2004-09-14 - 11:23 a.m.
fatty prevention
Tonight is WI. I think it’ll be fine, but I just know I’m going to be like .1 pound away from my 50-pound star. I’d get on that scale naked if I could, but there’s no reason to make everyone at the center blind on my account. We’ll see, though. It seems like I got my 25-pound magnet in 1825.
Being a vegetarian is hard (though I eat fish). It has definitely helped me out more than once, though. Somehow being unable to eat certain things really curbs possible screw-ups. For instance, I was in the car with my mom last week, and we were picking up my stepfather. Once we got him, she asked us if we wanted to stop and get something at Burger King (thanks mom – what the fuck). I remembered I couldn’t eat a burger and felt totally relieved. Now why couldn’t I have just refused, meat-eater or not? I don’t know. I’m retarded.
The weird thing about this is I always hated the damn hippies at my school protesting at the dining halls on veal parmigiana night. For me, it’s not so much that I want to save little animals. I liked eating flesh. I just think it’s a good idea for me to make some dietary changes. Do I really need hamburgers and pork chops? As long as I can still have lobster and shrimp, I’m okay. Lean cuisine really needs to come up with more than just “baked fish” though. Every fucking meal they make is beef or chicken. I’m still a lazy bastard, vegetarian or not.

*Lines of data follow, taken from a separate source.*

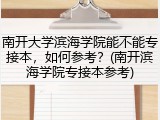 南开大学滨海学院能不能专接本，如何参考？(南开滨海学院专接本参考)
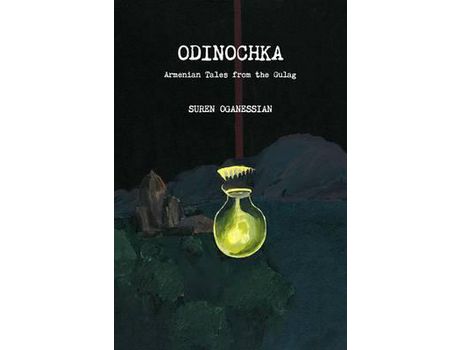 Livro Odinochka: Armenian Tales From The Gulag de Suren Oganessian ( Inglês )
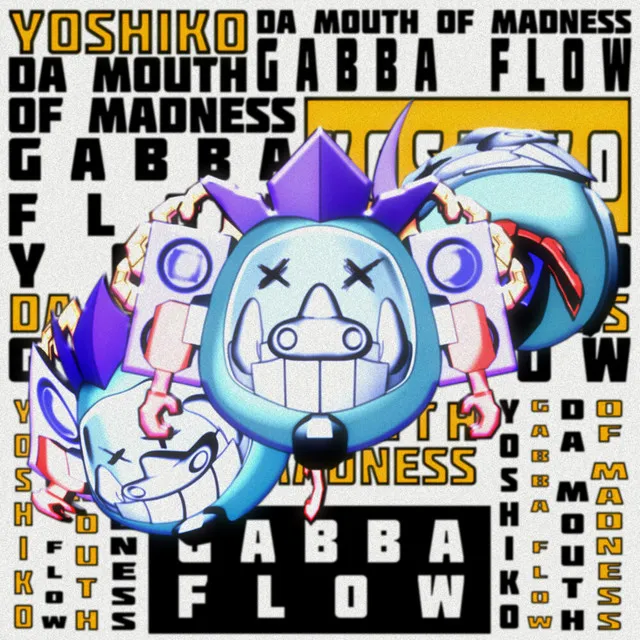Gabba Flow by Yoshiko, Da Mouth of Madness - Hardcore cover art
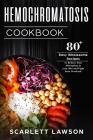 Hemochromatosis Cookbook: 80+ Easy Wholesome Recipes to Reduce Iron Absorption and Fight Iron Overload Cover Image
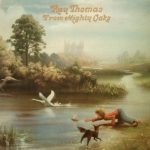 Ray Thomas - From Mighty Oaks (LP, Album, Ter)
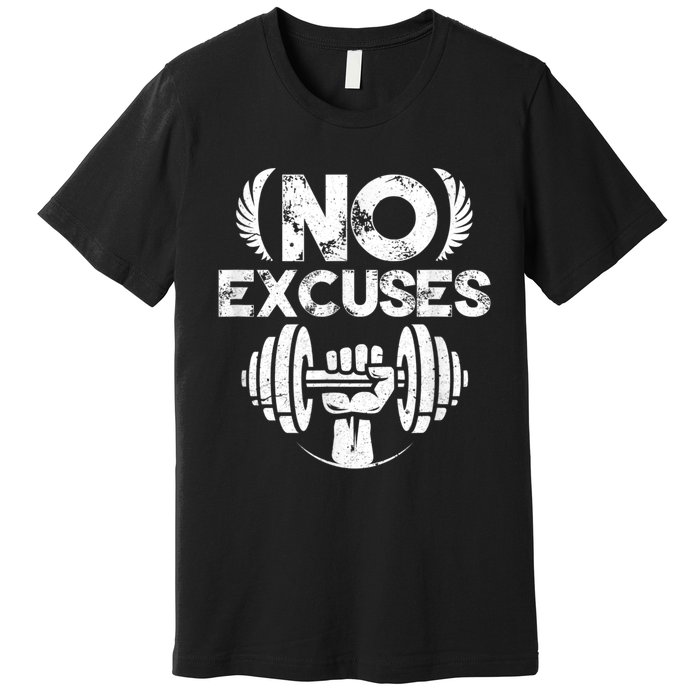 No Excuses Funny Bodybuilding Gym Workout Premium T-Shirt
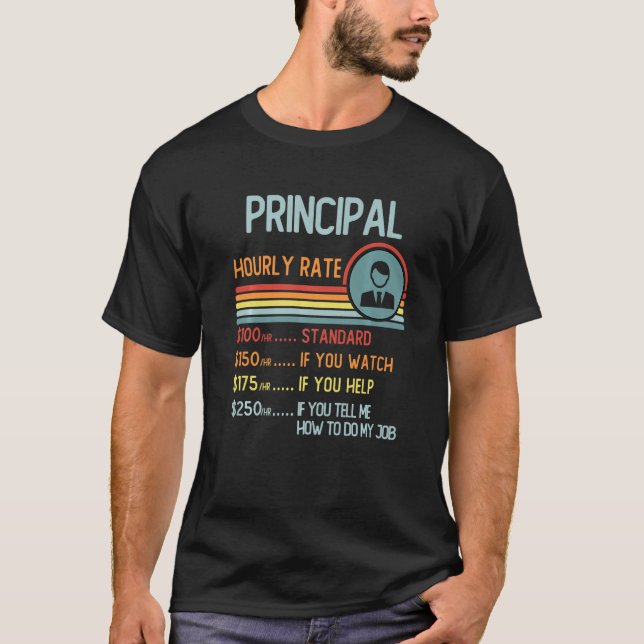 Principal Hourly Rate T-Shirt Retro Job Title Prem (Front)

I decided to sell my old clothes on ebay. I have a truckload of shit that doesn’t fit me anymore, and I want to get rid of it. Plus if I make some loot back, I can possibly buy myself a few things that actually fit. I was browsing around on ebay at the plus size stuff, just to see what other people were selling. Fucking yuck. All drab floral patterns and grandma shit. Maybe someone with some damn style will appreciate my auctions.